Ancora, in una sorta di sfogo: «Di certo noi non suicidiamo il Pd, non lo ammazziamo per fare un favore a Renzi. Perfino se sostenessimo un governo Draghi saremmo morti. Per noi Conte è essenziale. La ragione? Non abbiamo alcuna intenzione di far saltare l’alleanza con i grillini e solo Giuseppe si porta dietro il Movimento compatto che invece si spappolerebbe se l’avvocato dovesse essere silurato». Possibile che non ci sono subordinate a Conte? «C’è n’è una sola, le elezioni. Se Italia Viva si sfilasse, Mattarella farebbe un governo elettorale e si andrebbe a votare a giugno. Contro una destra becera ce la giocheremmo». 

 

In casa dem non fa paura neppure la ribellione dei 5Stelle. Vito Crimi e Luigi Di Maio sono corsi a rassicurare gli alleati sulla fronda guidata da Alessandro Di Battista contro il ritorno in maggioranza di Renzi: «Nessuno dei parlamentari lo seguirà, al massimo la Lezzi. E nel caso che la situazione dovesse aggravarsi c’è sempre il voto su Rousseau. E, potete starne certi, i nostri iscritti sanno bene che dire no a Italia Viva vorrebbe dire affossare Conte, perciò prevarrà la linea del sì ai renziani», è stato garantito a Nicola Zingaretti & C.

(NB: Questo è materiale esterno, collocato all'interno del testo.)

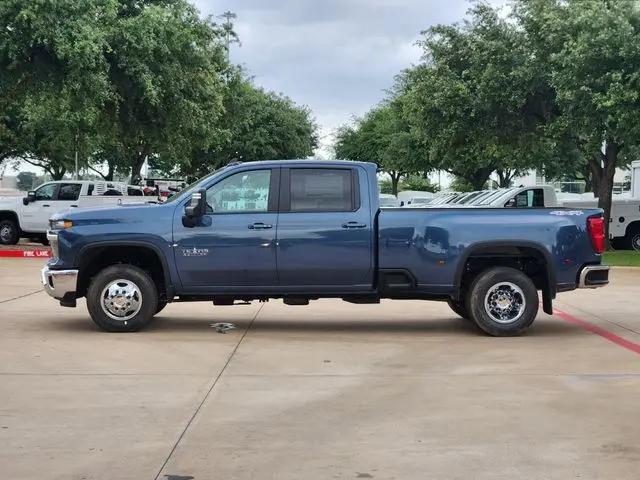 2026 Chevrolet Silverado 3500HD Crew Cab, Long Bed, LT Dual Rear Wheel, RWD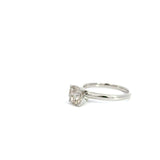 1.51 CTTW Solitaire Ring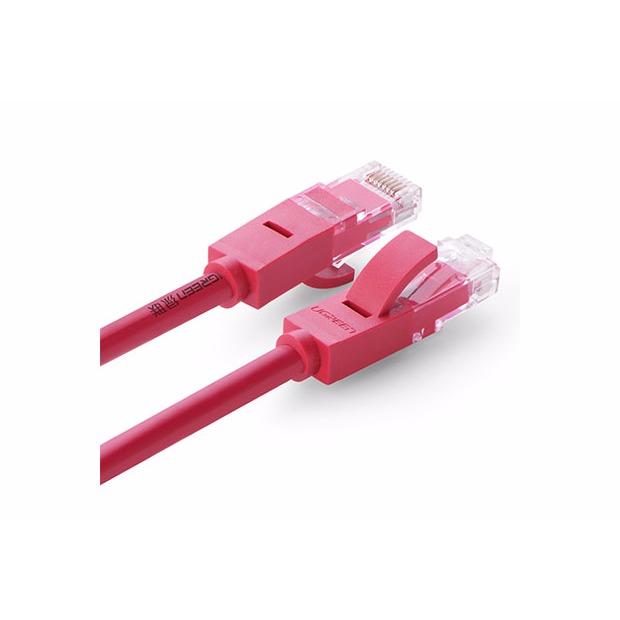 Cáp mạng đúc sẵn Cat6 0,5m Ugreen 11220 cao cấp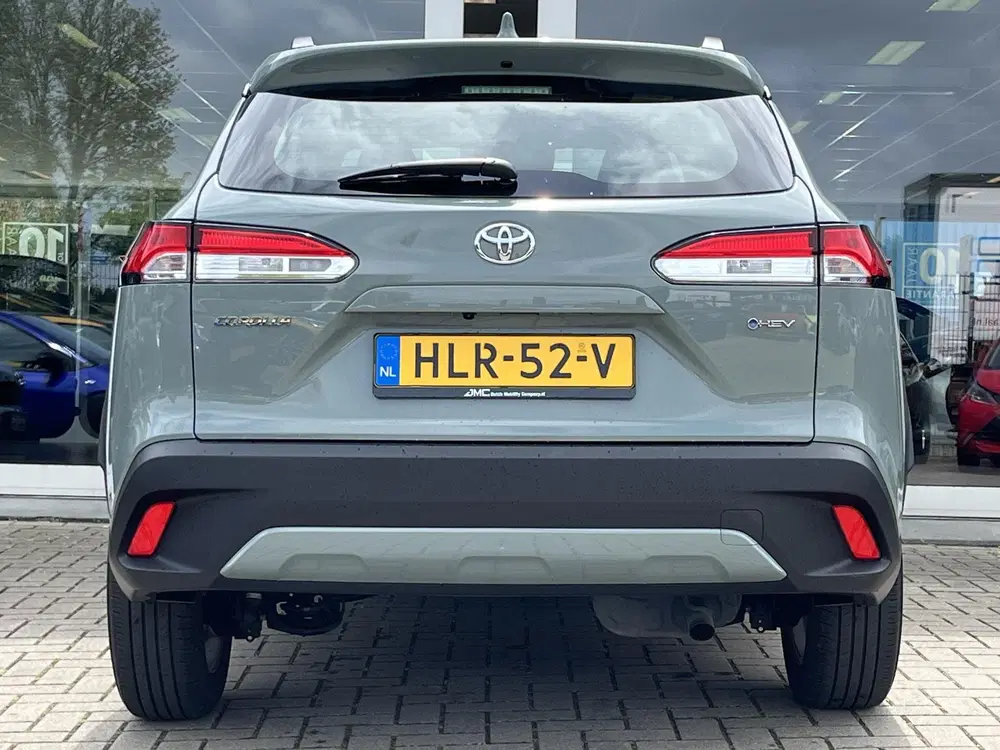 Toyota Corolla Cross Hybrid 140 Active uit 2025, foto 7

Dario Franceschini continua a restare in contatto con il senatore di Rignano e chi ha parlato con il capodelegazione dem l’ha trovato «sereno», convinto che Renzi non tornerà indietro sulla strada della riedizione della maggioranza rosso-gialla e del ritorno a palazzo Chigi di Conte. Tanto più, è la convinzione di Zingaretti e Franceschini, che nel caso di un diverso epilogo Italia Viva si spaccherebbe. Una parte dei senatori renziani volterebbero le spalle al capo e correrebbero a rafforzare la maggioranza, rendendo così Renzi ininfluente e marginale come Conte avrebbe voluto con l’operazione «volenterosi». Quella fallita miseramente.